Enamel-cracked pink glaze with orange polka-dots, a lime green rim and a pink and orange striped handle, this cup is little, loud and not exactly what you’d expect–much like me. But, like this simple cup, though it isn’t the biggest, fanciest or even the best made, it has a purpose to serve and so do I.
I think sometimes it is easy to discredit ourselves as not being called to do great things because we don’t see ourselves as anything special. We tend to pass off the large, life-altering tasks to, “someone else,” because we start to buy into the lie that we aren’t really worth a whole lot.
It is easy to feel this way because life has a way of building enough troubles to make you feel small, and giving accomplishments a short shelf-life. Think about it, what are some of the greatest, most notable things you have done, compliments you’ve received or projects you’ve headed? Now tell me, did the legacy, gratitude or service outlive the major or minor acknowledgement you received from it? Or, like most things, did it really only live in the moment, and when the moment passed, was forgotten by all but you?
I don’t say this to make you feel insignificant, in fact, I say it to make you feel the exact opposite. We need to stop basing our worth on the trophies that line our shelves, the degrees that frame our walls and letters the trail our name and start realizing that life really is in the details. It’s in the people you stop to have a conversation with, the relationships you form with your family, the friends you have decided to invest in.
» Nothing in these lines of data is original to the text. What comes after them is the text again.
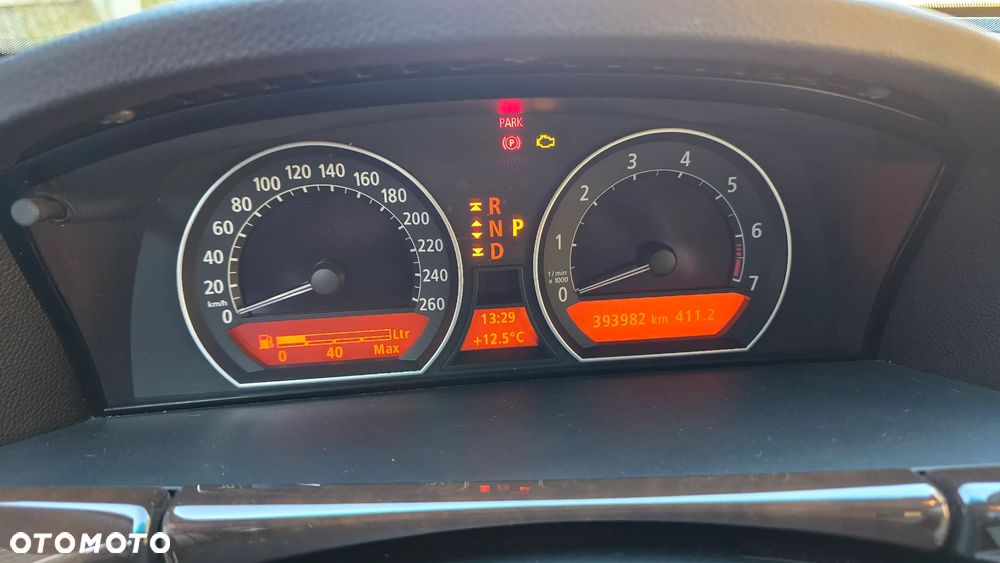 BMW Seria 7 740i - 14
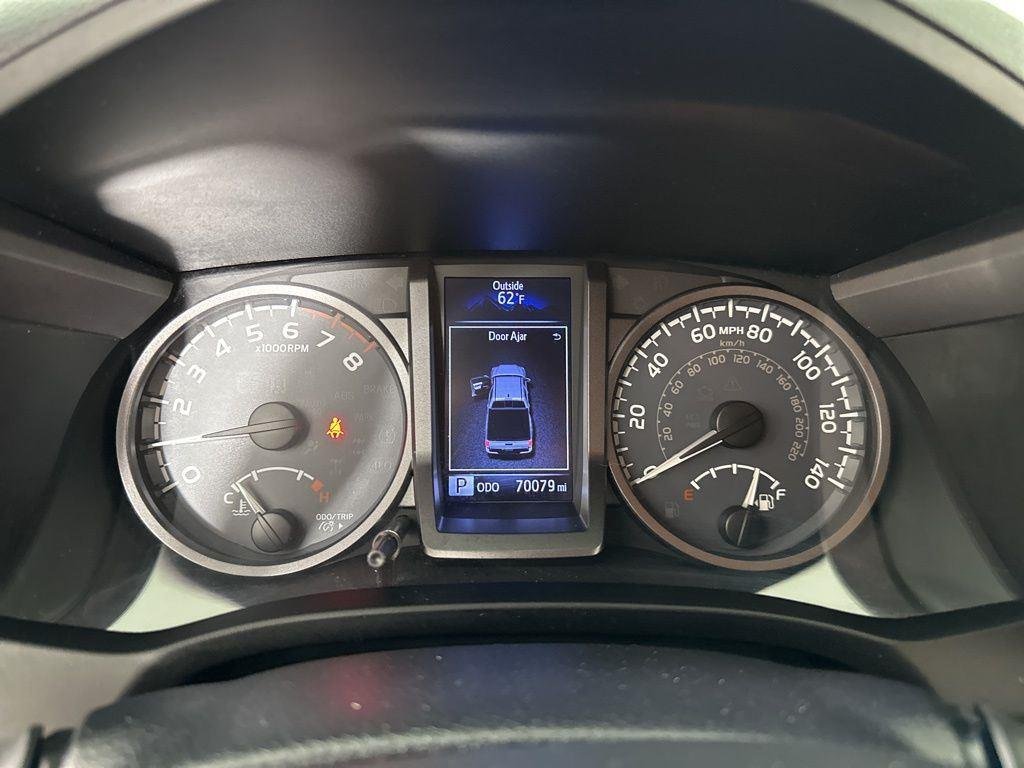 Used 2019 Super White Toyota TRD Off-Road image 4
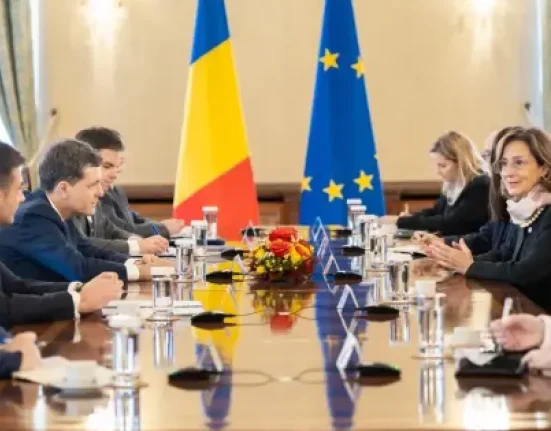 Lege pentru limitarea accesului minorilor la rețele sociale, anunțată de Bogdan Ivan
Life is in the giving, it’s in the sacrifice of putting someone else before yourself just to see them smile. Life is the act of holding a hand, hearing a story, and placing greater worth on the value of another. This view on life is exhausting, demanding and at times, tests you for all you’ve got that’s worth giving, but in the words of Elbert Hubbard, “God will not look you over for medals, degrees or diplomas but for scars.”
Now I know I’m not famous, I don’t have any real breadth of influence, I am far, far from perfect. While I have a great deal left to learn about what it means to truly live, I do know that I give. I listen and I care. I take time from what I want to do for what I sometimes need to do–which is live for something bigger than myself. I’m not great at it, but I’m trying. The Greek philosopher Epictetus gave comfort to me when I read his words. He said, “Practice yourself, for heaven’s sake in the little things, and then proceed to greater.”
This quote gives me hope that amazing things can come out of my ordinary life if, like anything else done well, I just take the time to practice. I think it not ironic that the primary notable work of Epictetus was to preach the common brotherhood of man. If someone was wise enough to market this idea nearly two-thousand years ago, I think we should give his idea a little merit, (at least a passing thought).
So never forget that, small, cracked, unmatched or used as you are, you just might be someone’s favorite sight on the shelf. Remember that it isn’t about how you see you, but how others experience you that really determines your legacy. And I’d be willing to bet your purpose is no “little thing” at all. Go fill someone’s cup, no matter what it might look like.